Vio que algunas personas empezaban a congregarse en la parte trasera del Tabernáculo y, después de recibir permiso de sus padres, se unió a ellas y se abrió camino hasta el frente. No era muy alta, así que si no se ponía al frente, ¿cómo iba a ver al profeta?
Al final, con un empujón aquí y otro allá, alcanzó el frente del grupo de personas, donde unas cuerdas bloqueaban el camino entre el Tabernáculo y la calle. Allí, tal como había oído, esperaba el auto grande y brillante.
“No hay que esperar mucho más”, pensó. Ya podía oír que empezaban a entonar el último himno. “¡Canten más rápido, más rápido!”, decía en silencio. Luego de la última oración, el organista empezó a tocar el poderoso órgano del Tabernáculo una vez más. ¡Ya casi era el momento!
La multitud se apiñó un poco más contra las cuerdas. La gente empezó a salir del edificio y, con la esperanza también de ver al profeta, un gran número de ellos se sumaba a los que ya estaban esperando.
El auto grande arrancó y avanzó un poco mientras se abría una gran puerta en la parte posterior del edificio.

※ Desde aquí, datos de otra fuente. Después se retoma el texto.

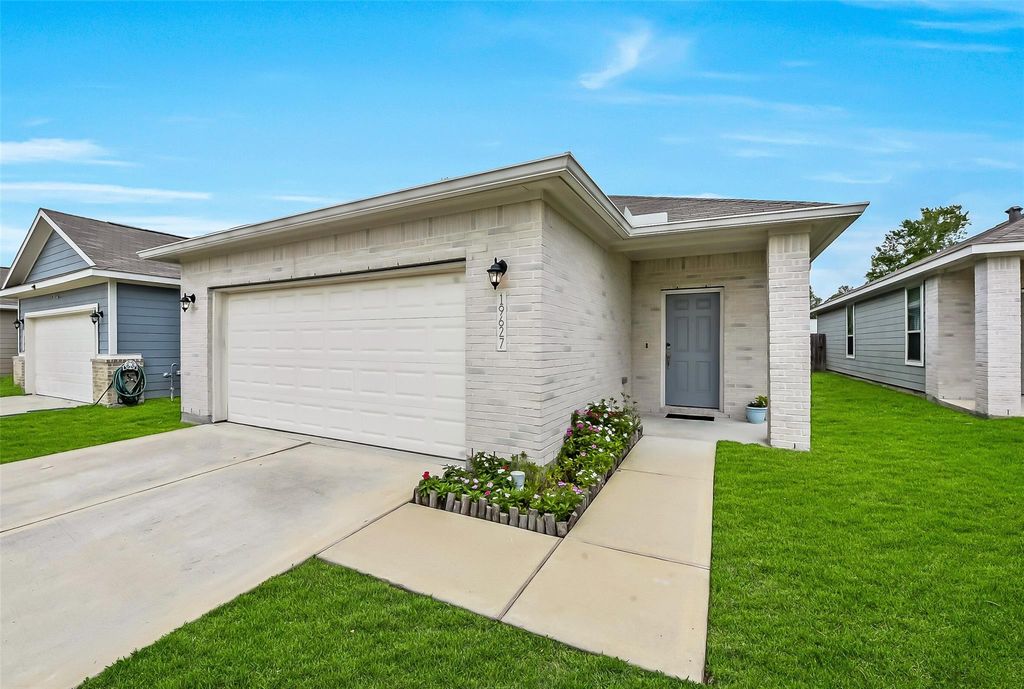 Photo of 19627 Marsh Pine Lane, Porter, TX 77365 (MLS # 10336536)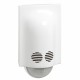 048916 LEGRAND DUAL DETECTOR 180º ALCAN:8M 3H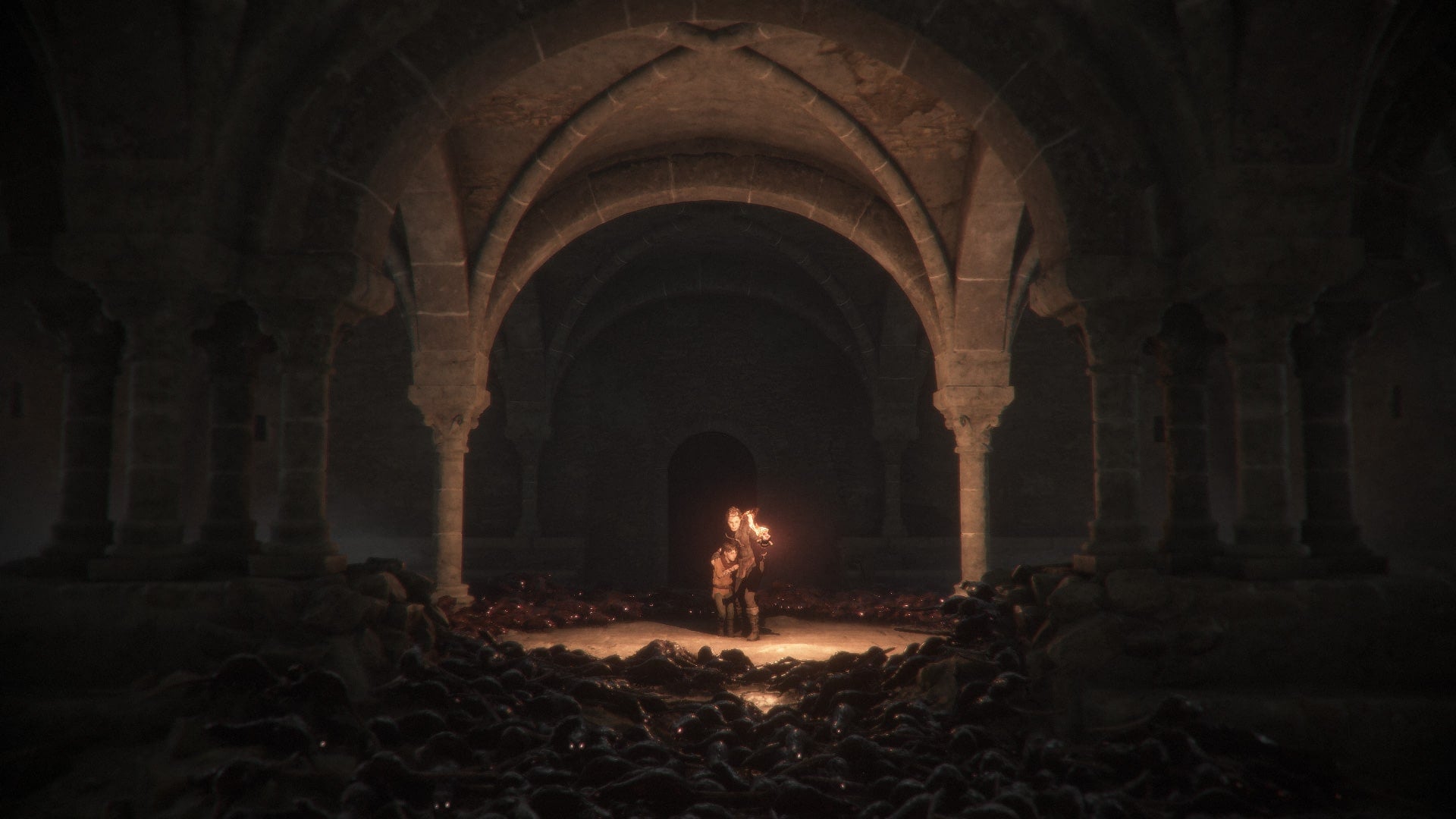 A Plague Tale: Innocence | PC | Steam Digital Download | Screenshot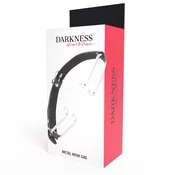Darkness Gag Ring Hook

Pero para desesperación de Sally, ahora que el auto se había movido, ¡no podía ver nada que no fuese el vehículo! Podía ver la cabeza de algunos hombres; pero el presidente McKay no estaba bien y, aunque era un hombre alto, ahora andaba en silla de ruedas. Sally no podía verlo en absoluto, ni siquiera ver las llantas de la silla de ruedas. ¿Cómo se suponía que iba a ver al profeta, y mucho menos saludarlo personalmente, si no podía ver nada?
Quería escabullirse por debajo de la cuerda y correr hacia el auto, subirse al vehículo y estrecharle la mano, decirle hola… algo .
Pero todo sucedió muy deprisa. La puerta se cerró de golpe y el auto avanzó lentamente hacia la calle. Había terminado; se había ido.
Sally no lo podía creer. ¡Sus sueños! ¡Sus planes!
El gentío se dispersó dejándola a ella sola, mirando fijamente las cuerdas que ahora estaban en el suelo después de la partida del presidente McKay.
Fue entonces que un apacible susurro penetró en su mente: “Pero, ¿por qué quieres saludarlo?”.
“Para verlo y saber por mí misma que es un profeta”, dijo casi en voz alta mientras sentía el ardor de las lágrimas.
De repente, sintió algo cálido en su corazón. Se trataba de una reprimenda dulce y amorosa: “No tienes que verlo para saber. Todo lo que tienes que hacer es preguntar”.
¿Preguntar?
¡Eran tan fácil, tan sencillo! Antes de que siquiera pudiera decir una oración en su corazón, una calidez increíble la invadió de la cabeza a los pies. Ahora sabía. El hombre del auto, el que había permanecido tan tranquilo durante la conferencia, de apariencia tan frágil, el hombre que a ella le parecía que debía haber vivido para siempre, era sin ninguna duda un profeta del Señor. No hacía falta verlo ni estrecharle la mano; no había necesidad de que él estrechara la mano de ella ni le hablara. Ella ya lo sabía.
Ahora entendió que, por el resto de su vida, siempre podría averiguar que el hombre que fuera profeta y Presidente de la Iglesia era llamado de Dios. Lo único que tendría que hacer era preguntar.
“Dios enseña a Sus hijos e hijas por el poder de Su Espíritu, el cual ilumina sus mentes y les da paz en cuanto a las preguntas que le han hecho”.
Élder Dallin H. Oaks, del Quórum de los Doce Apóstoles, “La enseñanza y el aprendizaje por medio del Espíritu”, Liahona, mayo de 1999, pág. 22.